── PROVIDED ENTRIES

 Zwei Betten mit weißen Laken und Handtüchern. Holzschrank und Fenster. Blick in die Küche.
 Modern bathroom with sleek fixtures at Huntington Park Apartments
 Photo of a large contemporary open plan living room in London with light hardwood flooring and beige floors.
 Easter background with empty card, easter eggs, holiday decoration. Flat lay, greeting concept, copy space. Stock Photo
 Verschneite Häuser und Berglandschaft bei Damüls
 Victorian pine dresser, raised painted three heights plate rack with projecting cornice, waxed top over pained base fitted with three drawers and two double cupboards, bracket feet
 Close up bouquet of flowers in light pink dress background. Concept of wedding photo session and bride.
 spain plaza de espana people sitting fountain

────
── PROVIDED ENTRIES

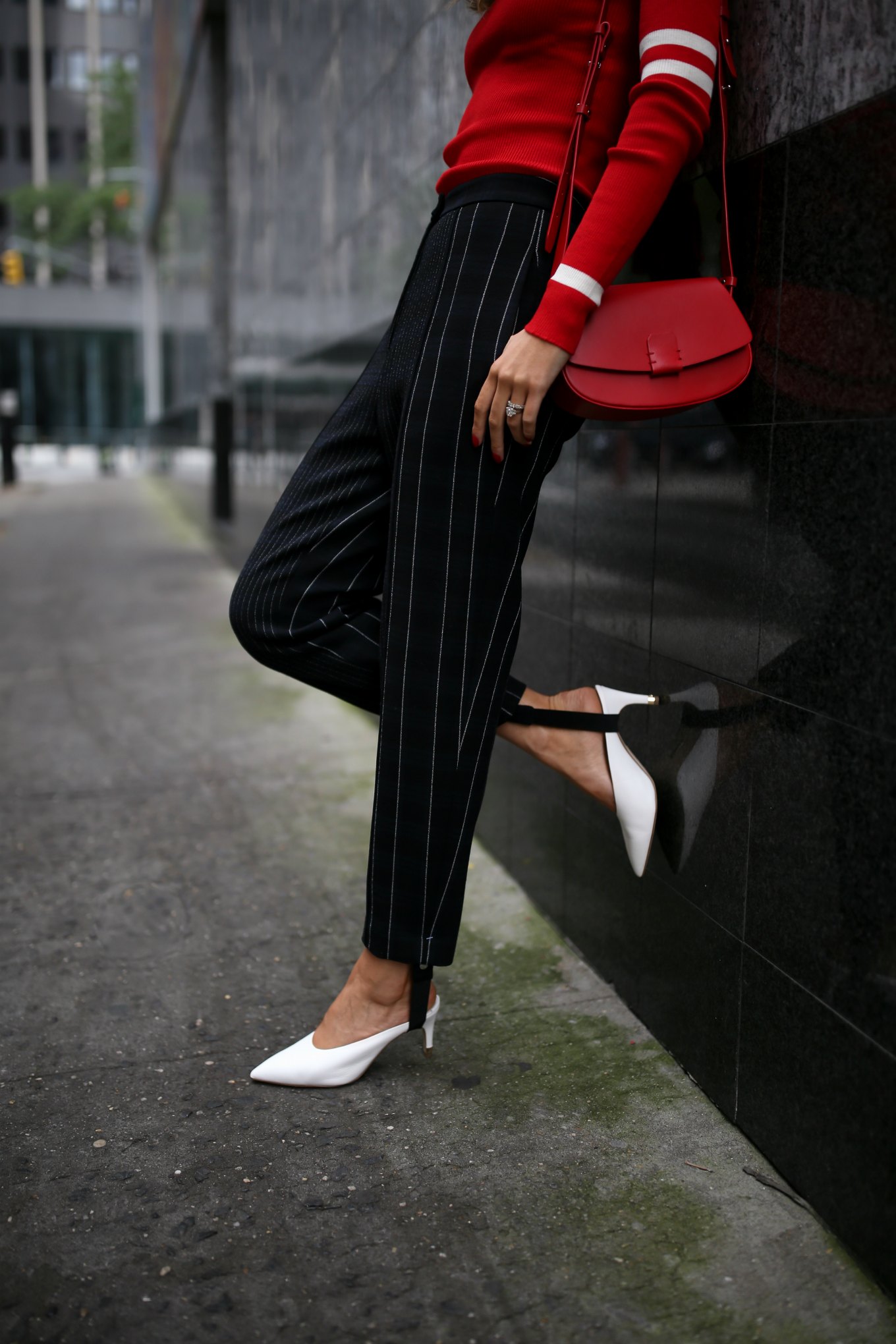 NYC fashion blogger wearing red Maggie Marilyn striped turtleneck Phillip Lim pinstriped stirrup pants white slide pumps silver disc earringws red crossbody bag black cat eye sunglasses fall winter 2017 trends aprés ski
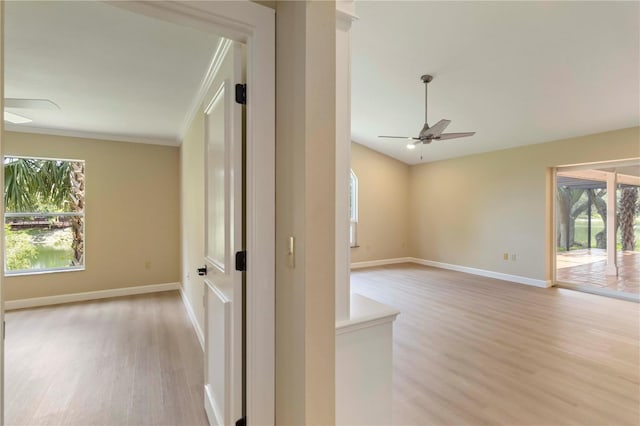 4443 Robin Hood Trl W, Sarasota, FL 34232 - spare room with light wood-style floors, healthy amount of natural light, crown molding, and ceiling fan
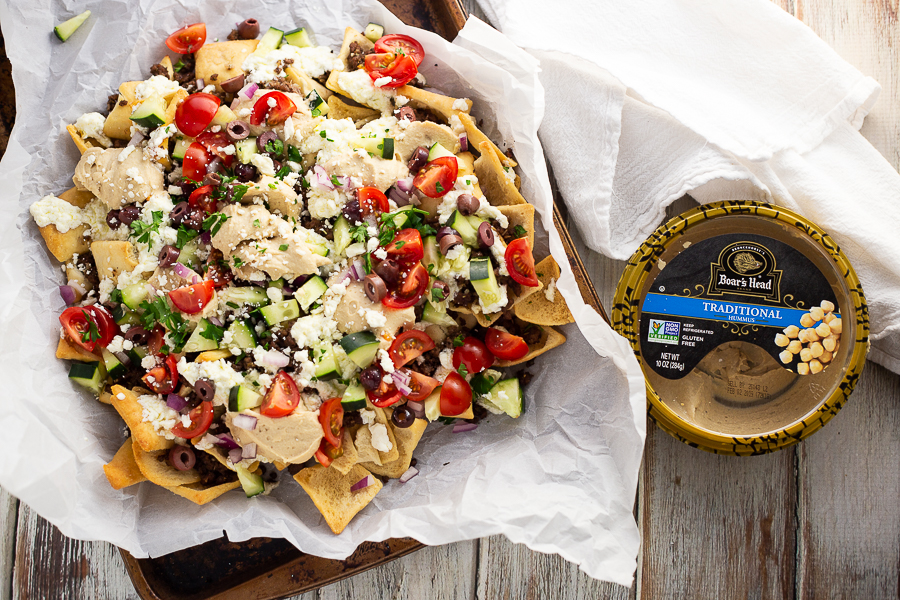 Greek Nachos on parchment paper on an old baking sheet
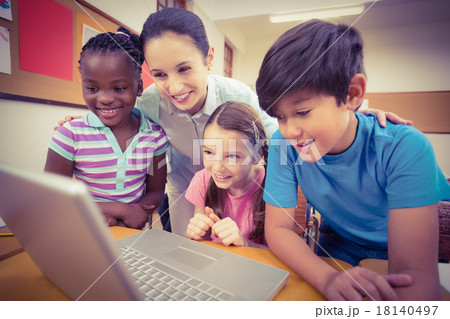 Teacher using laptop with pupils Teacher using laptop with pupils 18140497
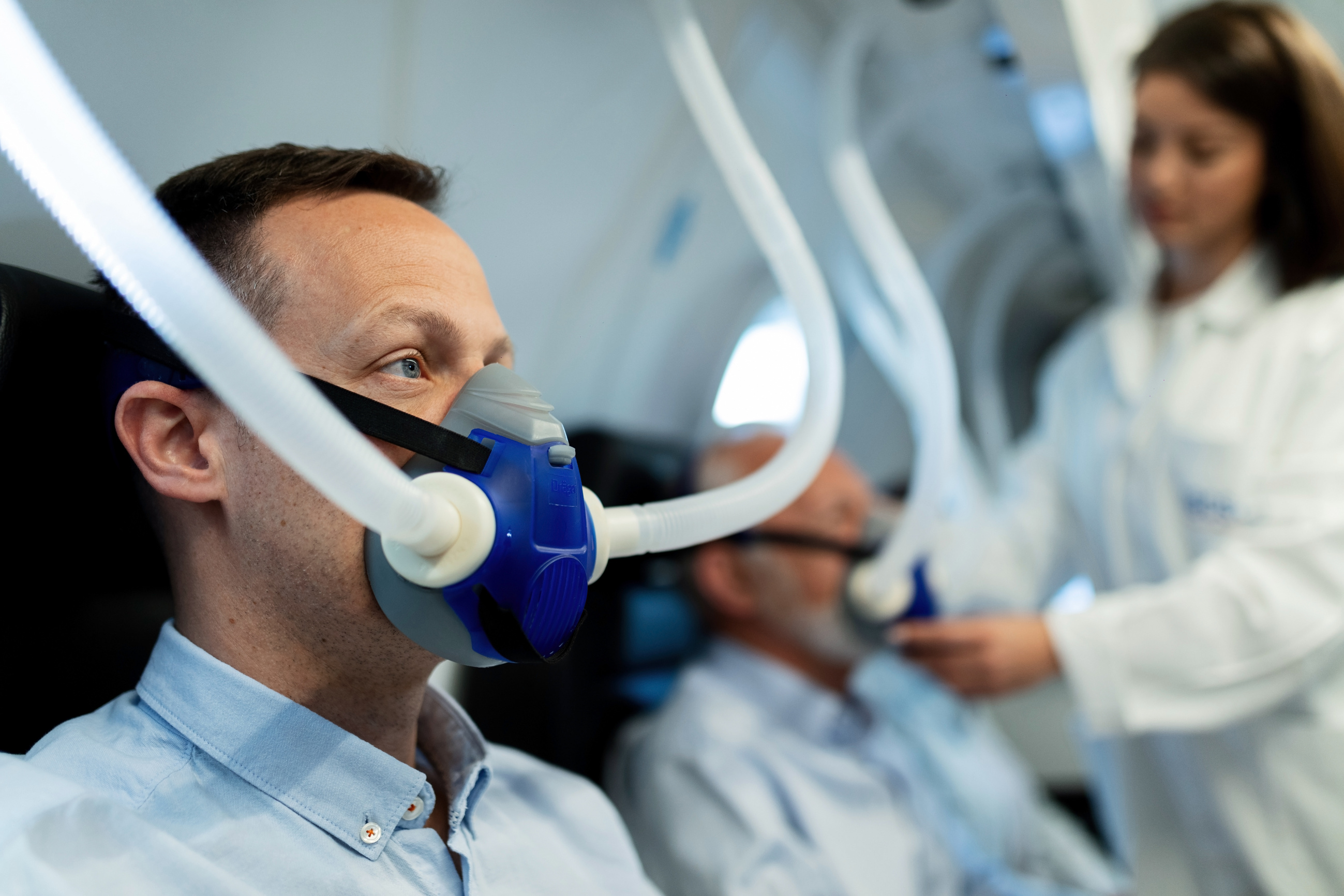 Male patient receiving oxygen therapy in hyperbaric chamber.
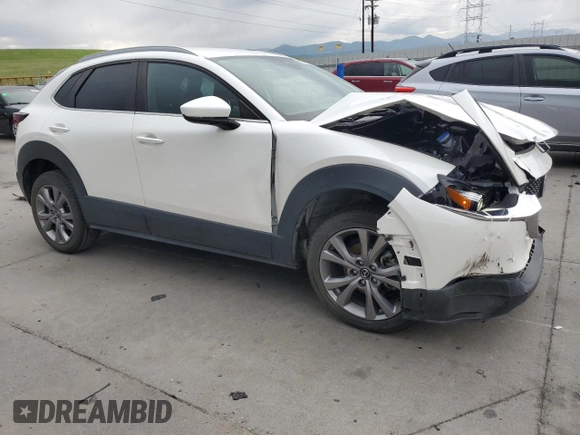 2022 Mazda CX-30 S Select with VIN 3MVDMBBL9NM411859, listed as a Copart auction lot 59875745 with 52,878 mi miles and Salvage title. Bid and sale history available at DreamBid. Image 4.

────

EXERCISE AIM:
Take the lines above starting at the one containing "Teacher using laptop with pupils Teacher" and ending at the one containing "2022 Mazda CX-30", and print them again exactly, without pictures.

THE ANSWER:
 Teacher using laptop with pupils Teacher using laptop with pupils 18140497
 Male patient receiving oxygen therapy in hyperbaric chamber.
 2022 Mazda CX-30 S Select with VIN 3MVDMBBL9NM411859, listed as a Copart auction lot 59875745 with 52,878 mi miles and Salvage title. Bid and sale history available at DreamBid. Image 4.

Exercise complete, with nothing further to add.